Desde el momento en que me dejaba sola por la tarde hasta el desayuno yo quedaba como en suspenso. No podía hacer otra cosa que estar tumbada y mirar fijamente a la oscuridad. A veces gritaba y golpeaba las paredes con la vana esperanza de que alguien pudiera oírme.

A pesar de todos mis miedos y mi soledad, sólo dependía de mí misma. Intenté infundirme ánimos y dominar mi pánico con medios «racionales». Fueron palabras que en aquel momento me salvaron. Al igual que alguien teje durante horas y al final tiene unas puntillas llenas de filigranas, las palabras también se entrelazaban en mi cabeza, y me escribí a mí misma largas cartas y pequeñas historias que nadie plasmaría nunca en el papel.

El punto de partida de mis historias eran, por lo general, mis planes de futuro. Imaginaba con todo detalle cómo sería mi vida tras la liberación. Sacaría mejores notas en todas las asignaturas y superaría mi miedo a la gente. Me proponía hacer más deporte y adelgazar para así poder participar en los juegos de los demás niños. Imaginaba que una vez liberada iría a otro colegio —estaba entonces en cuarto de primaria— y pensaba cómo reaccionarían mis compañeros ante mi presencia. ¿Sabrían de mi secuestro? ¿Me creerían y me aceptarían como uno de los suyos? Pero lo que más me gustaba imaginar era el encuentro con mis padres. Cómo me abrazaban, cómo me levantaba mi padre por los aires. Cómo regresaba al mundo de mi primera infancia y olvidaba los tiempos de peleas y humillaciones.

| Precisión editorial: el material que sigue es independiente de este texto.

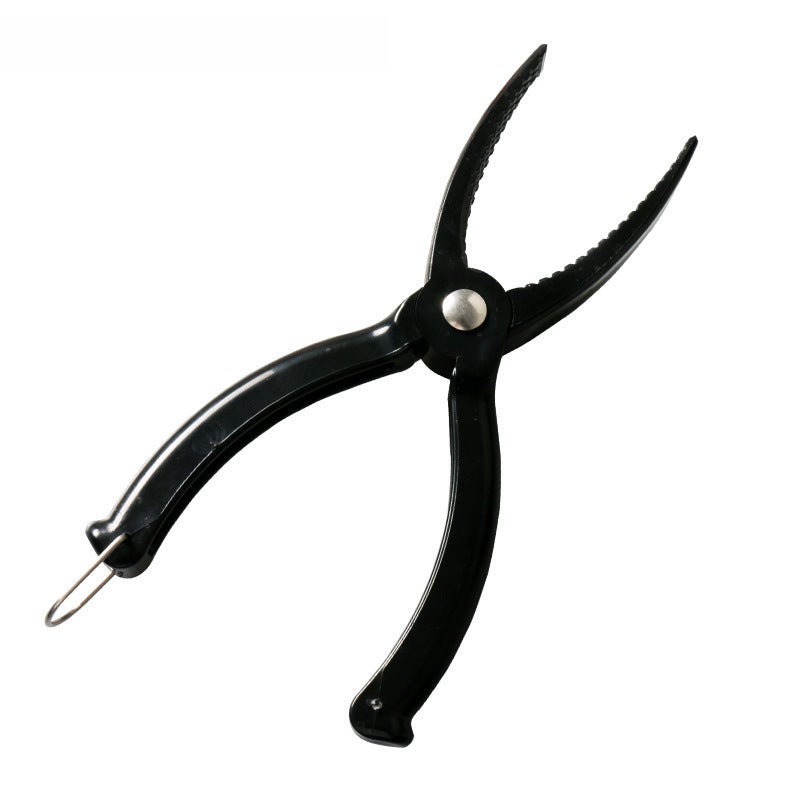 Generic New Design ABS Fish Grip Lure Pliers Fishing Tool Black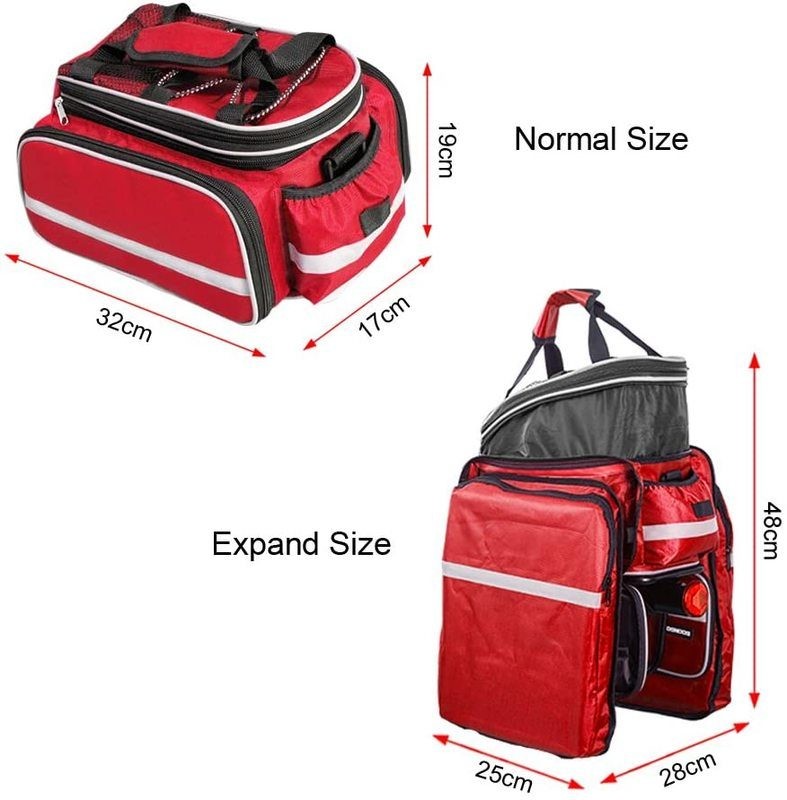 Bike Saddle Bag Bicycle Rear Rack Pannier Pouch Bags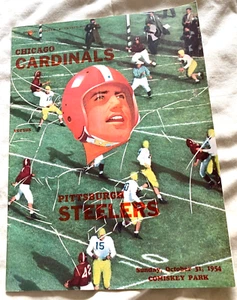 1954 NFL PROGRAM PITTSBURGH STEELERS CHICAGO CARDINALS ERNIE STAUTNER O MATSON - Picture 1 of 6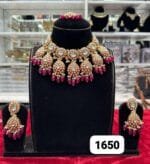 Rubela Royal Real Look Mina Kari Kundan Rubi Set by Rubela Store - Image 2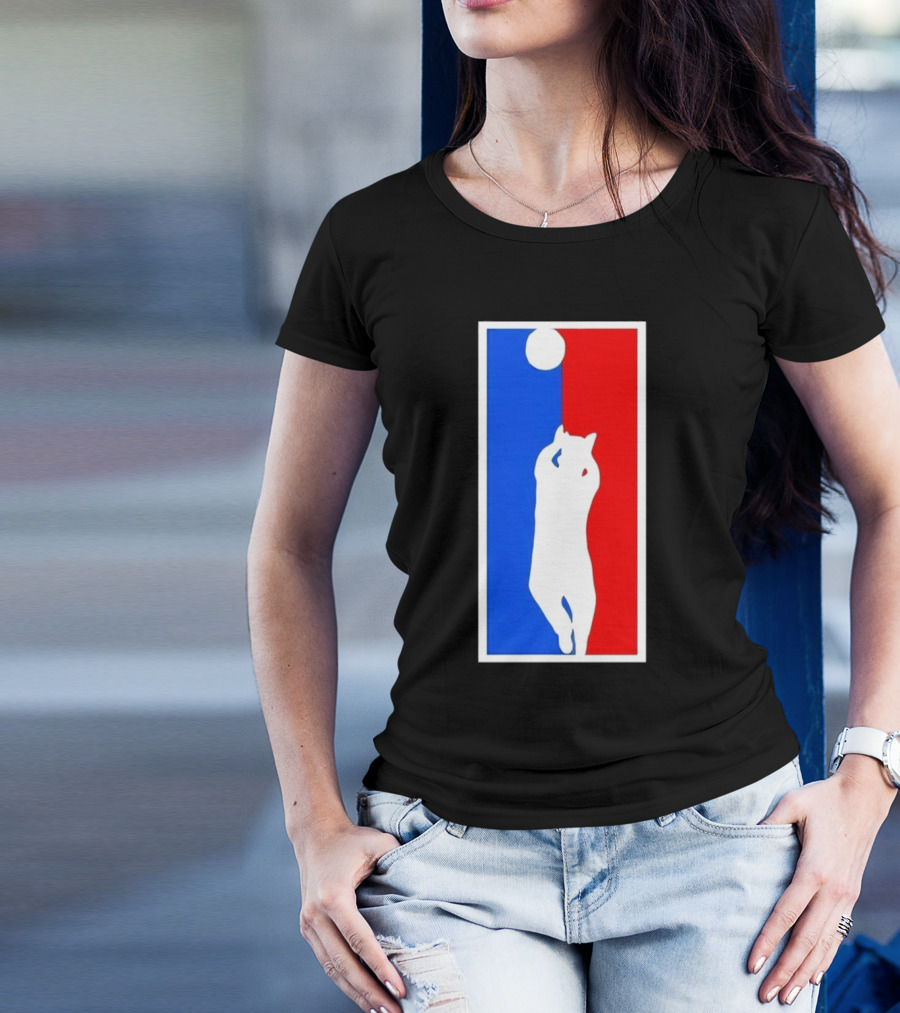 Brad Williams Cat Logo Basketball T-Shirt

Otras noches esas fantasías de futuro no bastaban. Entonces asumía el papel de mi madre ausente, me dividía en dos partes y me daba ánimo a mí misma: «Esto es como las vacaciones. Estás lejos de casa, de acuerdo, pero cuando estás de vacaciones tampoco puedes llamar. Cuando estás de vacaciones no tienes teléfono y tampoco se derrumba uno por haber pasado una mala noche. Cuando se acaben las vacaciones volverás a casa con nosotros y empezarán de nuevo las clases».